It’s an entirely unrepresentative sample of five leading enthusiasts. It’s not even worth quibbling with - it says absolutely nothing about real world policing practice, any more than a journal with the words “evidence” and “police” in its title identifies that evidence based policing was happening.

(I’d bet pounds to pennies that over 90% of forces couldn’t even access such journals before the CoP gave them Athens access (tbf I’d wager that less than a quarter of forces use it to access journals even now), and I’d wager that fewer than one in ten moderately senior officers has the ability to interpret and assess academic “evidence” anyhows.)
 
round here in cash strapped Northamptonshire they closed Corby police station. Town of 70,000 souls and areas of deprivation and a rep for crime, no station. They covered Kettering after dark as well, our station closes at 7pm.
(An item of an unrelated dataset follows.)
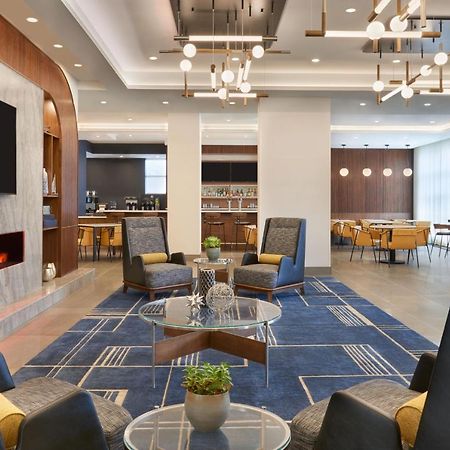 Courtyard By Marriott Kitchener Hotel Екстериор снимка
I suppose W'boro and Northampton town forces cover now.
Libraries getting closed as well,child and adult social care slashed. erg
 
View attachment 150148

A less popular innovation.

(There are quite a lot of vehicle buying consortia in cop land. But it’s was always bizarre that 42 forces brought the same shitty Astra diesels but didn’t get any sort of group discount. It still makes little sense there isn’t a national police vehicle purchase framework as everybody ends up with much the same stuff anyway.
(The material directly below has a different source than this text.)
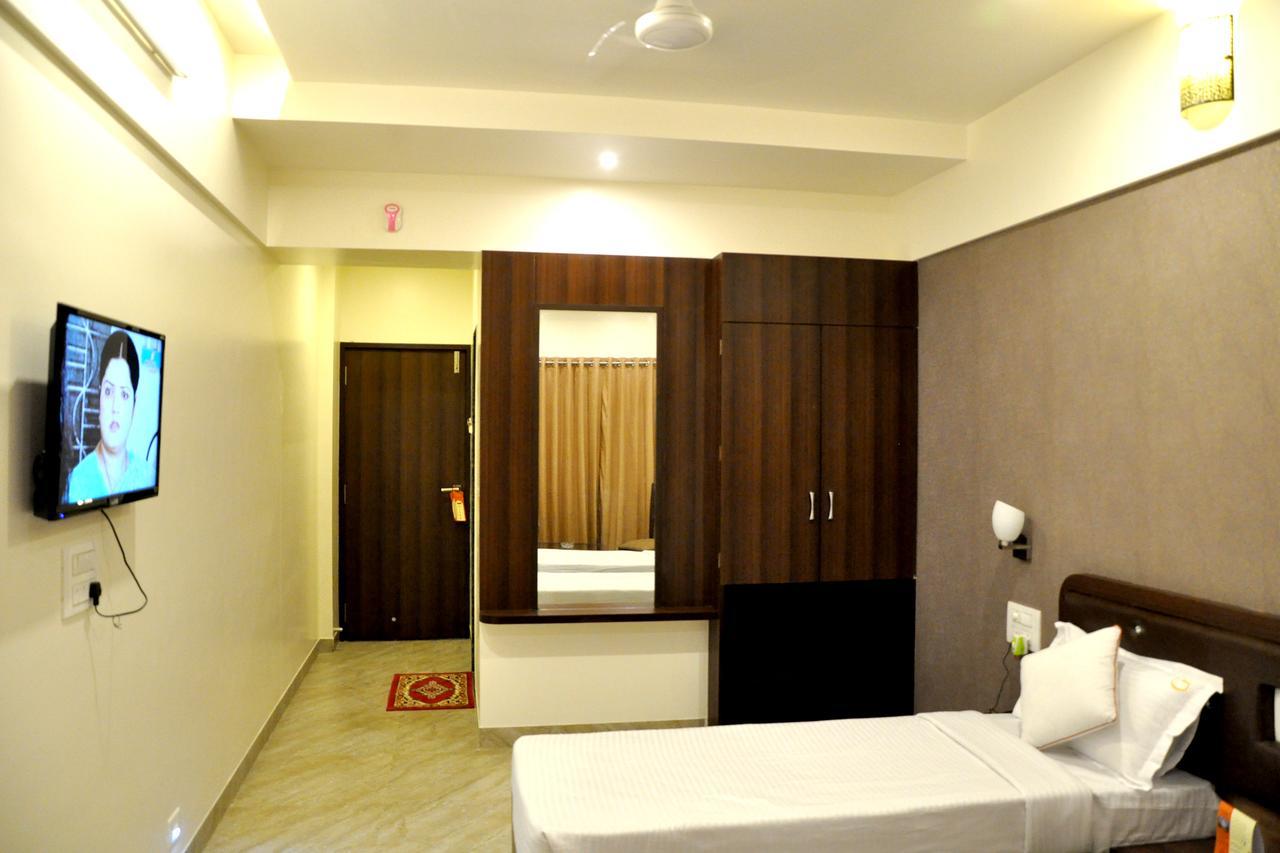 Hotel Gulmohar Pride Ahmednagar Kültér fotó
Yep, from vehicles via uniforms to paperclips, joint purchasing could provide big savings.

Around 10 years ago, Worthing Borough Council & Adur District Council combined their management structure & services, saving millions, helping to protect front-line services. An interesting experiment, leaving the 2 councils politically independent of each other, whilst jointly delivering services in a more cost effective way.
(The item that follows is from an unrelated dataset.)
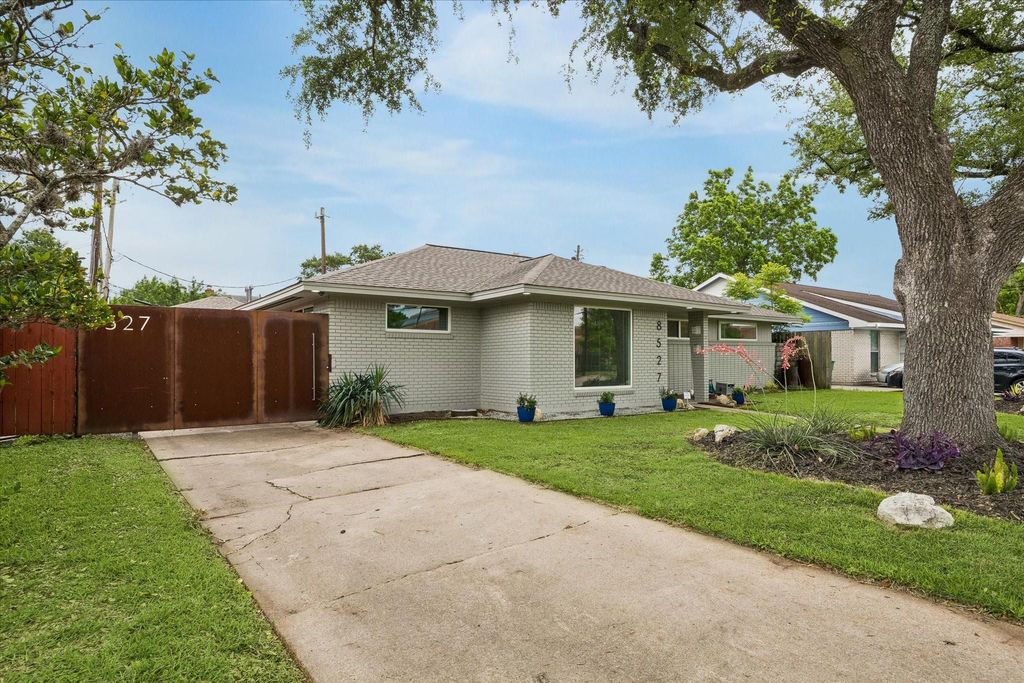 Photo of 8527 Glenloch Drive, Houston, TX 77061 (MLS # 41616218)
Just having one Chief Executive, the very cool Alex Bailey - former bass player with 80s band The Mighty Wah, saves somewhere around £50-75k pa per council. Although, he's gone one step further now, running the 2 councils 3 days a week, whilst working for the NHS 2 days a week, in order to join-up local services between the two councils & the NHS.

Nice bit of 'out of the box thinking' all round - Police forces need to be doing the same.